AccountsTemplates.removeField('password');                                      // IC153
AccountsTemplates.addField({
    _id: 'password',
    type: 'password',
    placeholder: {
        signUp: "Minimum 8 characters length."
    },
    required: true,
    minLength: 8,
    re: /(?=.*\d)(?=.*[a-z])(?=.*[A-Z]).{8,}/,
    errStr: 'Minimum 1 digit, 1 smallcaps letter en 1 caps letter.',
});

to the file: both/accounts/config.js and that did it for me, as far as configuration was concerned. For the rest, it worked as I expected. What exactly are you missing the existing workflow that you feel the need to really program?

regards,

Paul

1 Like

From what I can tell that relies on Blaze, Im using Vue and don’t want that extra dependency in my bundle. That also appears to only do client side password validation, I’m asking for server side validation. And finally, I want to keep all UI state in Vuex as a central state management solution for consistency, including UI validation errors, which does not work if I use a pre-built UI solution.

1 Like

Server-side validation requires that you send the requested password as clear-text over the wire, so you have to consider which is the highest risk:

  • as clear text, anyone ‘in-the-middle’ can potentially snoop on the password.
  • client-side validation hashes the password before sending it to the server, so it’s harder for man-in-the-middle attackers to get the original password.
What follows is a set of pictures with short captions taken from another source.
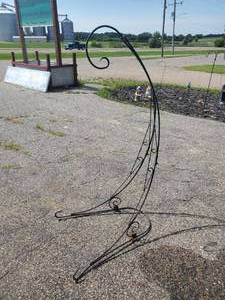 lot 33 image: Large unique Hanging Plant Holder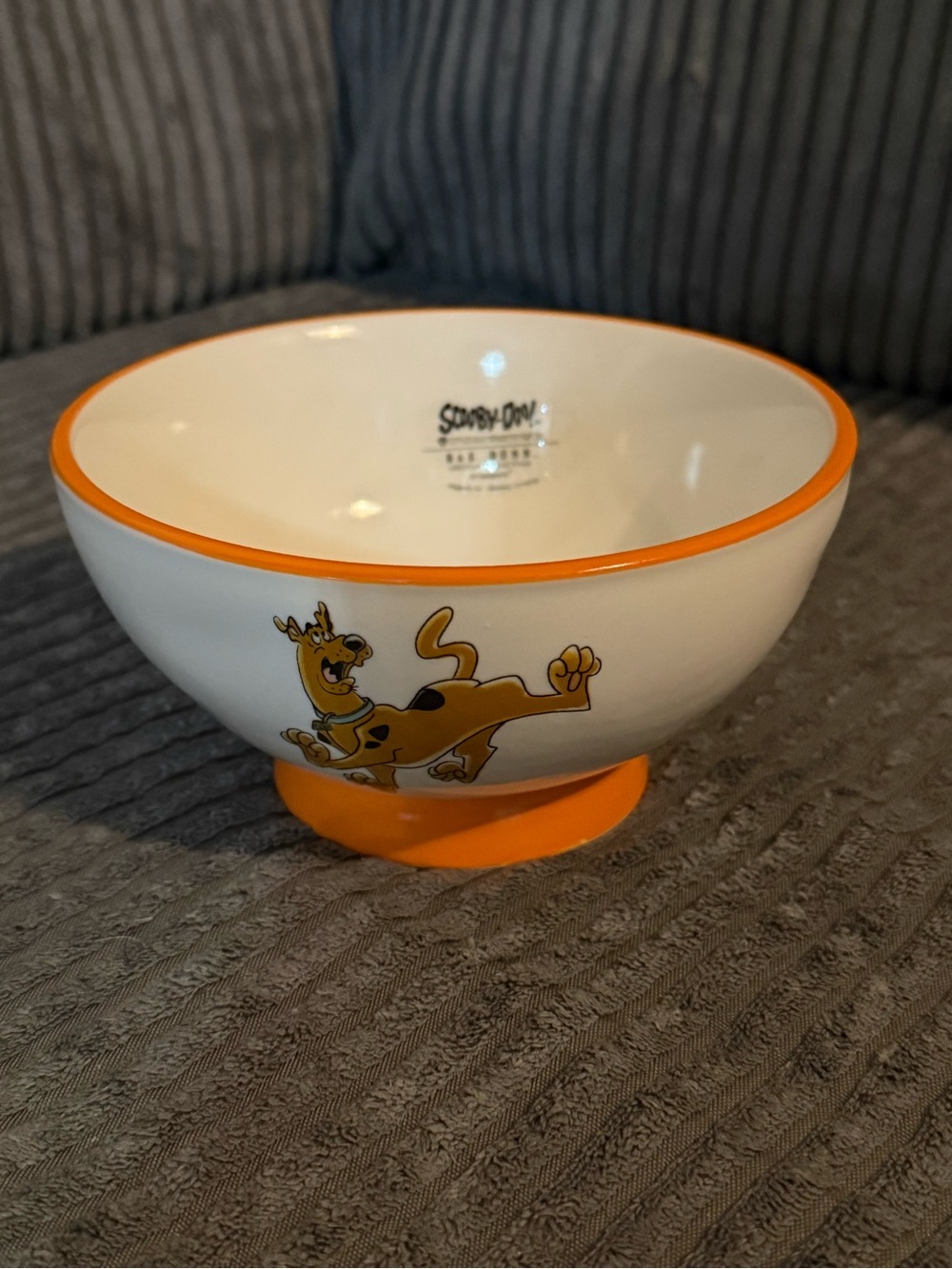 Rae Dunn x Scooby-Doo Orange Rim Ceramic Bowl SCOOBY SNACKS NWT
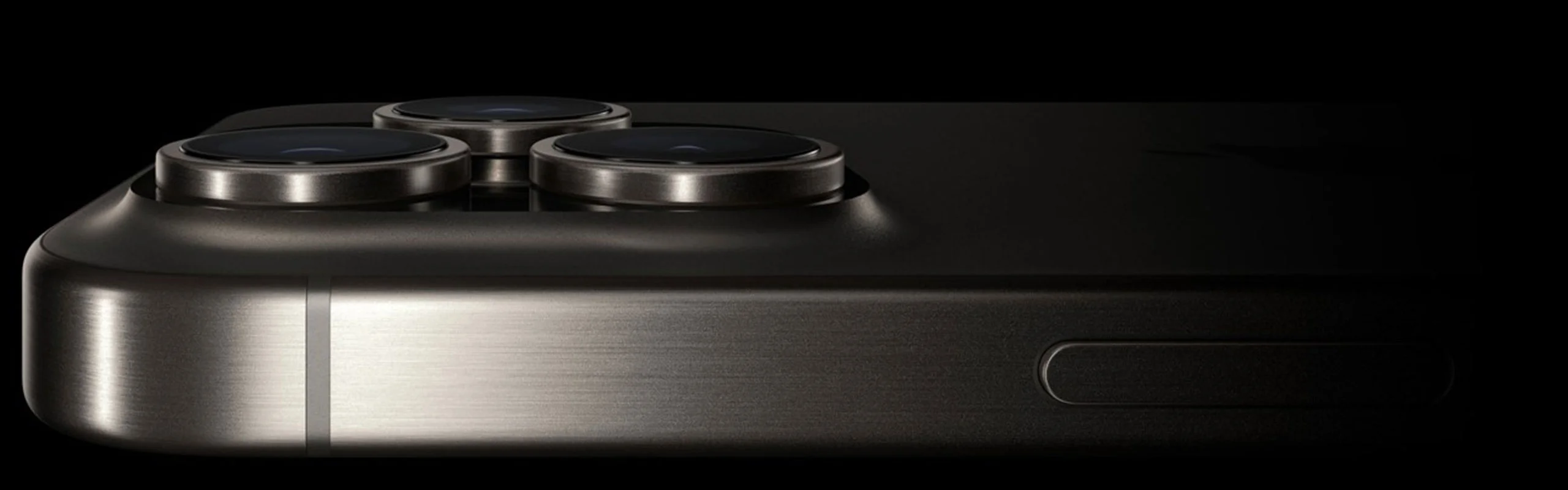closeup of titanium iPhone from the side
The only risk with client-side validation, is that a user who knows his way around Meteor and JS is able to set a password for himself with less characters than you would prefer. In the end, none of the actual passwords are stored, everything is hashed and bcrypted.

1 Like

Any password form should be using SSL, so MITM attack isn’t an issue. I just want to enforce strong passwords in a financial application, even if client side validation fails for some reason. But the issue is I can’t do it on the server because the resetPassword(token, new password) with the token from their email is only available on the client

2 Likes

You could implement it yourself: the callback you set on Accounts.onEnrollmentLink on the client gets the token from the email. Make a custom server method you call from the client with the token and the desired password. The server method checks the token from the client with the server’s version ( it is stored in the user’s profile) and validates the password. If all is ok, the server sets Accounts.setPassword, and notifies the client.

What package defines AccountsTemplates?

Hi @mvolkmann,

I’m not sure, but would assume accounts-ui, as that defines the UI for this function.

regards,

Paul

I’ve looked there and also done lots of googling. So far I haven’t found information on how to do this.
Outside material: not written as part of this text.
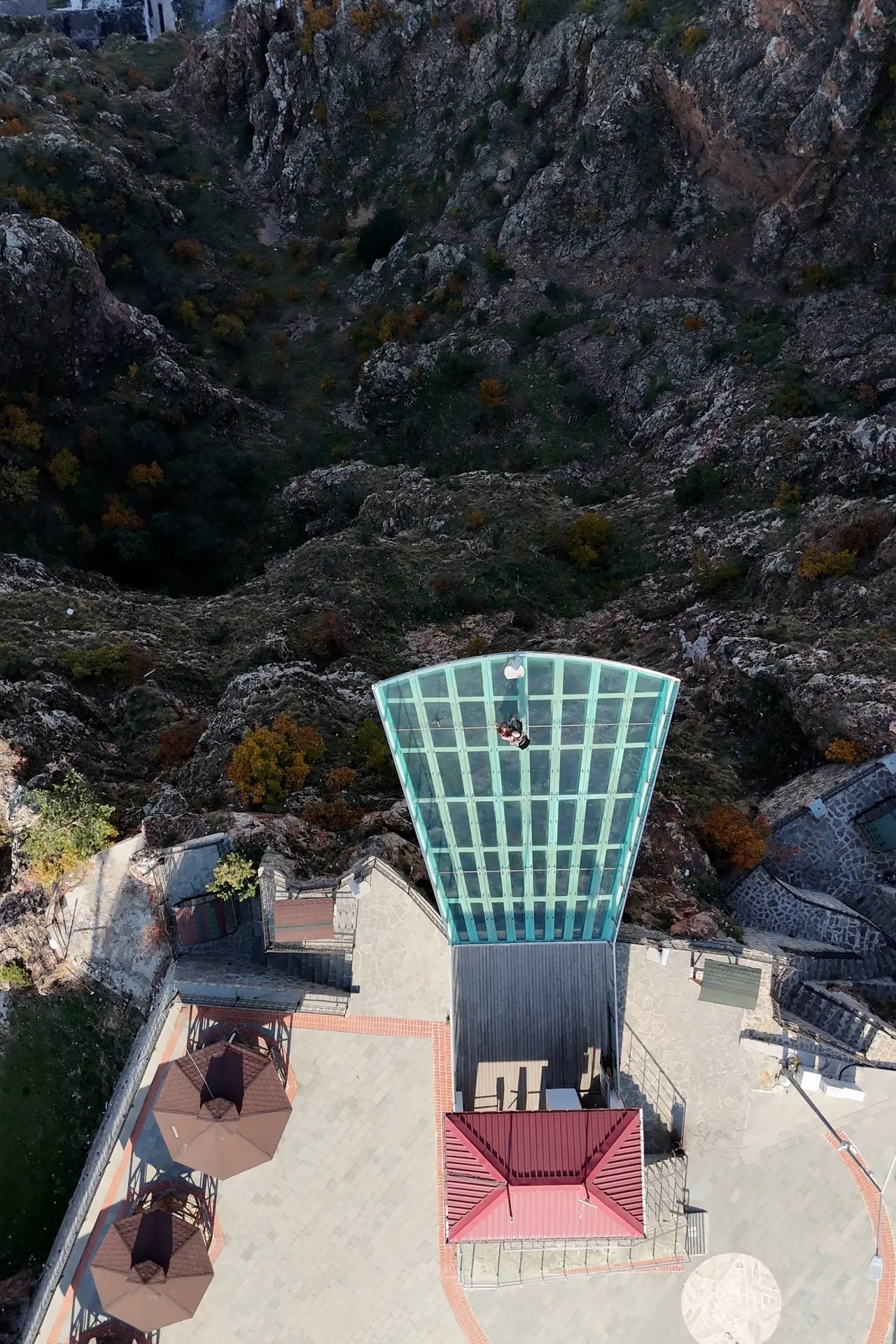 Gümüşhaneli müzisyenden tarihi mekanlarda viyolonsel ile eşsiz performans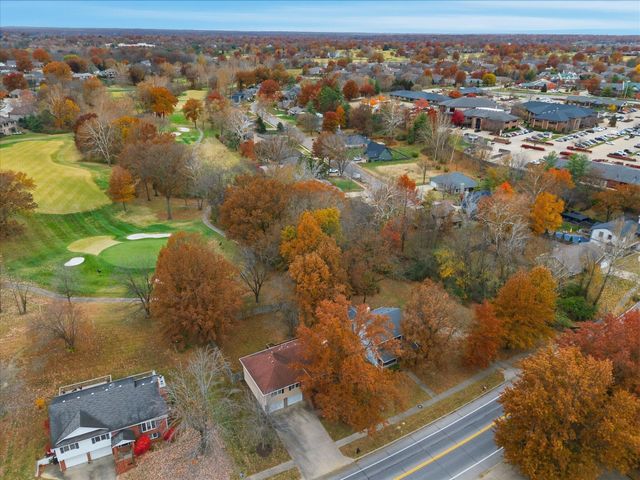 4301 FORUM BLVD, Columbia, MO 65203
I think I got it from here:

and followed the instructions from there…

I had a security researcher email me that Meteor’s accounts-password allows extremely long password lengths, which can lead to DOS attacks due to the server over-working to hash the long passwords. I’ve reviewed the code in accounts-password and it doesn’t seem like it limits the password length in anyway before hashing it with SHA256.

It looks like Accounts.setPassword(userId, newPassword, [options]) doesn’t hash on the client, but on the server.

Any thoughts on this?

It seems like this could be a good candidate for a quick improvement in the accounts-password package by adding a setting for maximum password length by default. Would you mind opening a feature request for it in github?

Good idea. Added to this feature request Accounts Password Setting Server Hooks.

2 Likes

I was digging back into this, and this solution still doesn’t really work entirely. Yes, you can add your own Meteor methods to validate and make Accounts function calls on the server, but all the original Accounts methods are still available on the client.

Someone with some savvy can just call the native Accounts methods from the client at any time.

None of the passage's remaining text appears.